Praphul Chandra

Security in Traditional Wireless Networks

This chapter discusses the security in the first generation traditional wireless networks (TWNs), in the second generation TWNs, in the 2.5 generation TWNs, and in the 3G TWNs. The key establishment procedure is used to establish a secret or key between two communicating parties. The global systems for mobile-communications (GSM) security model uses a 128-bit preshared secret key (Ki) for securing the mobile equipment (ME) to the base transceiver station (BTS) interface, that is, there is no key establishment protocol in the GSM security architecture model. Instead each subscriber identity module (SIM) is burnt or embedded with a unique Ki, that is, each subscriber has a unique Ki. As this is a “shared” secret between the subscriber and the network, thus the key is stored in the authentication center (AuC) of the network also. The AuC is a database which stores the Ki of all the subscribers. It is this shared secret (Ki) between the SIM and the AuC, that forms the basis for securing the access interface in the GSM networks.

Wireless Local Area Networks

This chapter describes the network architecture, 802.11 framing, and power management of wireless local area networks (WLANs). WLANs allow users to connect to a network without the wires. The 802.11 standard specifies protocols for the physical (PHY) and the media access control (MAC) layers of the OSI stack.

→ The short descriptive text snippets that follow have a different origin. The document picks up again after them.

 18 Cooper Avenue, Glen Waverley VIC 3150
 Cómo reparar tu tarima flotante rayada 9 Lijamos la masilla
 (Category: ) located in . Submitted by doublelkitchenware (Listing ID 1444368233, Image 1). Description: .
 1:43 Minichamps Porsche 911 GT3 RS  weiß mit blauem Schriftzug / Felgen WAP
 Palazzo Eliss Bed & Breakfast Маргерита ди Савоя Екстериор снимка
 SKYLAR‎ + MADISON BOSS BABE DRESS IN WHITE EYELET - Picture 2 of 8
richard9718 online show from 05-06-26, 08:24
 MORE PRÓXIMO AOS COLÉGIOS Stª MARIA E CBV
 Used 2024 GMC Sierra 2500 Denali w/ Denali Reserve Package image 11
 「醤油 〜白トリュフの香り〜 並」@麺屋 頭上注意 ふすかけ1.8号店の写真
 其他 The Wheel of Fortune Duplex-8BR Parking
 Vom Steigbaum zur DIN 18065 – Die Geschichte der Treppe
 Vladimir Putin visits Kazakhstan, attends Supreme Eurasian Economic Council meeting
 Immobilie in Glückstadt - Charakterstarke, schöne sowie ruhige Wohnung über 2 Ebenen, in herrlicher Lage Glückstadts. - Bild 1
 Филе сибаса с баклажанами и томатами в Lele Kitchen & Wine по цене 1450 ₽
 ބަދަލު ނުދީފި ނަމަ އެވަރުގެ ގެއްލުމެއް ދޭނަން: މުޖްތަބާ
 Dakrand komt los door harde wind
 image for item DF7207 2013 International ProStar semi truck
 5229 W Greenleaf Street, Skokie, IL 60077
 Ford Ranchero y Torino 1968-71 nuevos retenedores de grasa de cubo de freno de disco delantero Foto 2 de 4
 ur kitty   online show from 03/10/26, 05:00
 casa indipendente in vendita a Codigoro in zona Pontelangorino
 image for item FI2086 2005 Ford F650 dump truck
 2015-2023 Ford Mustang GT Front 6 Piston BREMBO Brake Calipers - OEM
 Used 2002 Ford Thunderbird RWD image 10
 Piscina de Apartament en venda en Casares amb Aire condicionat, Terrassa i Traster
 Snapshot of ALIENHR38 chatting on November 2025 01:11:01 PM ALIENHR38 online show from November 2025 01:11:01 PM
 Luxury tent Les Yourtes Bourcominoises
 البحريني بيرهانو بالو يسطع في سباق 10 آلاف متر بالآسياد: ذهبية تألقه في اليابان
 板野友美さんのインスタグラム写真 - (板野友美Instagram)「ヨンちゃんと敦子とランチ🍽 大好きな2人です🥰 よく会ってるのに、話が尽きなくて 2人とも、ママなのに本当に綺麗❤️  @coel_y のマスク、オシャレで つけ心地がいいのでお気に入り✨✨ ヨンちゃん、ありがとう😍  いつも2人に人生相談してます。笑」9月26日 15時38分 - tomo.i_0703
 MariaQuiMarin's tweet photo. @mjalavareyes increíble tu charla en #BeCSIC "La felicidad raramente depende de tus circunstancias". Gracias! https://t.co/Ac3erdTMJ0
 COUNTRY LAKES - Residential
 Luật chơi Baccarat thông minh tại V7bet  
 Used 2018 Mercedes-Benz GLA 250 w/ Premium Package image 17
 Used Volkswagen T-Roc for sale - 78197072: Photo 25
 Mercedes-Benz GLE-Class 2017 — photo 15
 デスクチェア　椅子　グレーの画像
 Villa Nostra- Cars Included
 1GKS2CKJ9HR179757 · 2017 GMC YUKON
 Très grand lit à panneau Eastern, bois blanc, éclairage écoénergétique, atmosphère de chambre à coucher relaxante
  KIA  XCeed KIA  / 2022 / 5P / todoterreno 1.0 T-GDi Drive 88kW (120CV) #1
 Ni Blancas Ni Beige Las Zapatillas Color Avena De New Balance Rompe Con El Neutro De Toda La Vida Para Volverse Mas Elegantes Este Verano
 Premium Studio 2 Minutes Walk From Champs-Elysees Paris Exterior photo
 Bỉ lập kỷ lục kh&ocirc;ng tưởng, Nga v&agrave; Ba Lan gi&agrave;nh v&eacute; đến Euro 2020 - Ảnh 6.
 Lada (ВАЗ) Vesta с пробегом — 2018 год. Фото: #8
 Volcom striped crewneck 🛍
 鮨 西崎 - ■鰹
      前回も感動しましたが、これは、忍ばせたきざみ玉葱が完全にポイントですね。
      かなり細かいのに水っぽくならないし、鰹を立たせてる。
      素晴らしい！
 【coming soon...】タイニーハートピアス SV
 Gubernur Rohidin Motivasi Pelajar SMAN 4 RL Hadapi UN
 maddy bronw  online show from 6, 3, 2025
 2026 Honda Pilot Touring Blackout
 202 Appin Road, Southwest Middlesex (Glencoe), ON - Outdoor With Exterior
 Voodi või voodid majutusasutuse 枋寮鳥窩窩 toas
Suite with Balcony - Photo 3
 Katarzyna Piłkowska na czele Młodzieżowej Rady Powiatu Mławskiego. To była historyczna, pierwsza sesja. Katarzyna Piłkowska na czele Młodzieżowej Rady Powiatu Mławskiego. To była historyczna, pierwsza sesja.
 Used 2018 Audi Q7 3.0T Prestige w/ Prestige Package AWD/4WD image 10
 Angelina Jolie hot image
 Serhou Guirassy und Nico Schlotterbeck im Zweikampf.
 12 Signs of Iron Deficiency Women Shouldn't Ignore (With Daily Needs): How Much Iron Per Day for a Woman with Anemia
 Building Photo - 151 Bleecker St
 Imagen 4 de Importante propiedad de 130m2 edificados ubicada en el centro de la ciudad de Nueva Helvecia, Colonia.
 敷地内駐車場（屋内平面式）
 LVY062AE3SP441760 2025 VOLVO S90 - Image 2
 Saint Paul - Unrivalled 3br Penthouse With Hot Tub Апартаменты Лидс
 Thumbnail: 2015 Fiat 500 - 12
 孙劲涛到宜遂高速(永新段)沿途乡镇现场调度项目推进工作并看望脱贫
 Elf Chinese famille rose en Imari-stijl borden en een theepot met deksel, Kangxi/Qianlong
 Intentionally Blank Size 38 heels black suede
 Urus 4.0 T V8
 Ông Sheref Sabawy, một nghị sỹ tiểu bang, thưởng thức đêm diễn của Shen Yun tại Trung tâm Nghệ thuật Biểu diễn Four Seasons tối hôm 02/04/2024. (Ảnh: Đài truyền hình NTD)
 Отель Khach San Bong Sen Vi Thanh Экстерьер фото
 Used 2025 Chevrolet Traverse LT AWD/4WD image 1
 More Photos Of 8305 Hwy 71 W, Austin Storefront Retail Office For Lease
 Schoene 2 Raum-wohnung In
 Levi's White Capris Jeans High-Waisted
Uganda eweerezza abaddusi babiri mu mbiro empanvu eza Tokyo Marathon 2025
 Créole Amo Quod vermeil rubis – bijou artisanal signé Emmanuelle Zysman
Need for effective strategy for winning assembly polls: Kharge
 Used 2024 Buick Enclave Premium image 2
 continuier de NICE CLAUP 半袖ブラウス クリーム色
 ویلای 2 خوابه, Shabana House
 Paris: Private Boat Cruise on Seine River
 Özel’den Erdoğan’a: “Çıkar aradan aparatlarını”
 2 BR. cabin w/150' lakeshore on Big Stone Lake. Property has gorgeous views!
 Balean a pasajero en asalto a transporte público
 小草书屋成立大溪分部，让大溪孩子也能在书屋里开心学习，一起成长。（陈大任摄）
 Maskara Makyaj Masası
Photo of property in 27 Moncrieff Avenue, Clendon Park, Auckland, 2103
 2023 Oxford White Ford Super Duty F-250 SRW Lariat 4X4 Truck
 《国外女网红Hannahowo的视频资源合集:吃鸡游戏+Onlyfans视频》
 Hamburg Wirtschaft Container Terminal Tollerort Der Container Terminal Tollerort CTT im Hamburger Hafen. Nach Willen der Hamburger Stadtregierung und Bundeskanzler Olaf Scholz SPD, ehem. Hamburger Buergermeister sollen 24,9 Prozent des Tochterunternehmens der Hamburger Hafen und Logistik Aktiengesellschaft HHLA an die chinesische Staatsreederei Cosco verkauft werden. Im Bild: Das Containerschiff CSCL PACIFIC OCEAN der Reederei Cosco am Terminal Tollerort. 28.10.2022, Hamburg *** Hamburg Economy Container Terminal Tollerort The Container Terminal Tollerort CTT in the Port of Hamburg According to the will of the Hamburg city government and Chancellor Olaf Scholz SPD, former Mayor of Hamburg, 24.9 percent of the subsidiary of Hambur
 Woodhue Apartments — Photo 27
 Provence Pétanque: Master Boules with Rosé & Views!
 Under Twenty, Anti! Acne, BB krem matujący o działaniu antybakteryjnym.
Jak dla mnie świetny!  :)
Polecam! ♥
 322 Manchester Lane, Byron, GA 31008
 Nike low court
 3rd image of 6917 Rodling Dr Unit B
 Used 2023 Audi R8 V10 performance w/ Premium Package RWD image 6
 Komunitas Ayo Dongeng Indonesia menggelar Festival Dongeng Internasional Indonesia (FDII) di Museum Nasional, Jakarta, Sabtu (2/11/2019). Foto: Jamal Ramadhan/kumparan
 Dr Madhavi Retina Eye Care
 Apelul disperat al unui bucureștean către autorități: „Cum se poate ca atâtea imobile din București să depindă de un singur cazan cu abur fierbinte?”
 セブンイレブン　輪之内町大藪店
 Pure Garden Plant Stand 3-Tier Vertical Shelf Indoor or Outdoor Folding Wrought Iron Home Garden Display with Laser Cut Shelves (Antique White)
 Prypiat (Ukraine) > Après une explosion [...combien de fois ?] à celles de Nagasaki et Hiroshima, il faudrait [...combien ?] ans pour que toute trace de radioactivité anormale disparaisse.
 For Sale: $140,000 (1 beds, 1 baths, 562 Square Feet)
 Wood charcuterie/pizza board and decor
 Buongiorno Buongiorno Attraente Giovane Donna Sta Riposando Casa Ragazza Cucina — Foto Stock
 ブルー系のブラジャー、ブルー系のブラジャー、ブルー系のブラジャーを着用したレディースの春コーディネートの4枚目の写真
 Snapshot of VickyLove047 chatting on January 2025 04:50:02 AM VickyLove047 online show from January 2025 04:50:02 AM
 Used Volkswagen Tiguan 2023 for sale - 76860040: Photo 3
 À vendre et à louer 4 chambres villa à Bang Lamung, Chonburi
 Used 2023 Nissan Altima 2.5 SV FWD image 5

The 802.11 standard specifies two network architectures: Infrastructure Basic Service Set (BSS) and Independent BSS (IBSS). In 802.11, connections work at the link layer and an 802.11 station that is connected with an access point may or may not be actively receiving or transmitting data. When a higher-layer packet is fragmented by the 802.11 MAC, all fragments have the same sequence number but each fragment is uniquely identified by a different fragment number. The frame body field is responsible for carrying packets from higher-layer protocols. The 802.11 standard defines two media access protocols: distributed coordination function (DCF) and point coordination function (PCF). One of the original design decisions of 802.11 was to have a clear interface between the MAC and PHY layers so that multiple PHY layers could be used with the same MAC. The 802.11 specification provides a power-management algorithm for stations to conserve power.

Network Security Protocols

This chapter discusses the key-related network security protocols, and the network authentication approaches and protocols. In the symmetric key cryptography (SKC), the key generation is relatively simple. The only requirement of a SKC key is that it should be random and long enough to deter a force attack. SKC relies on a preshared secret between the communication parties to secure communication between them. It does not provide the information on how to establish the “preshared” secret. Most SKC implementations use a key distribution center (KDC) to solve this problem. The KDC is a centralized trusted third party which stores keys for all the n nodes in the network, that is, each node in the system is configured with only one key—its own. This makes the key administration much easier. For two parties to communicate securely using the public key cryptography (PKC), two keys are required. These keys are comprised of the public key (available to anyone) and the private key (known only to the user). The security of the system lies in keeping the private key secret.

QoS and System Capacity

This chapter provides the solutions to the challenges of system capacity and quality of service (QoS) in some detail. WLAN Multimedia Enhancement (WME) standard is a parallel standard to 802.11e to achieve QoS in wireless local area networks (WLANs). Most networks are expected to undergo a transition path—some devices in the network support 802.11e, some support WME, others support Wi-Fi MultiMedia-Scheduled Access (WMM-SA) and yet others would be vanilla (support no QoS). Voice traffic wants minimal delay, but can tolerate certain levels of loss due to the inherent redundancy in voice. Classification of traffic is therefore a good first step toward implementing QoS. 802.11e introduces the concept of a transmission opportunity (TXOP). A TXOP is allocated either via contention or granted through polling. The Enhanced Distributed Coordination Function (EDCF) protocol has been adopted as Wireless Multimedia Enhancement (WME) by the Wi-Fi Alliance as the prestandard implementation of 802.11e. 802.11e/WME provides for admission-control mechanisms using traffic specifications.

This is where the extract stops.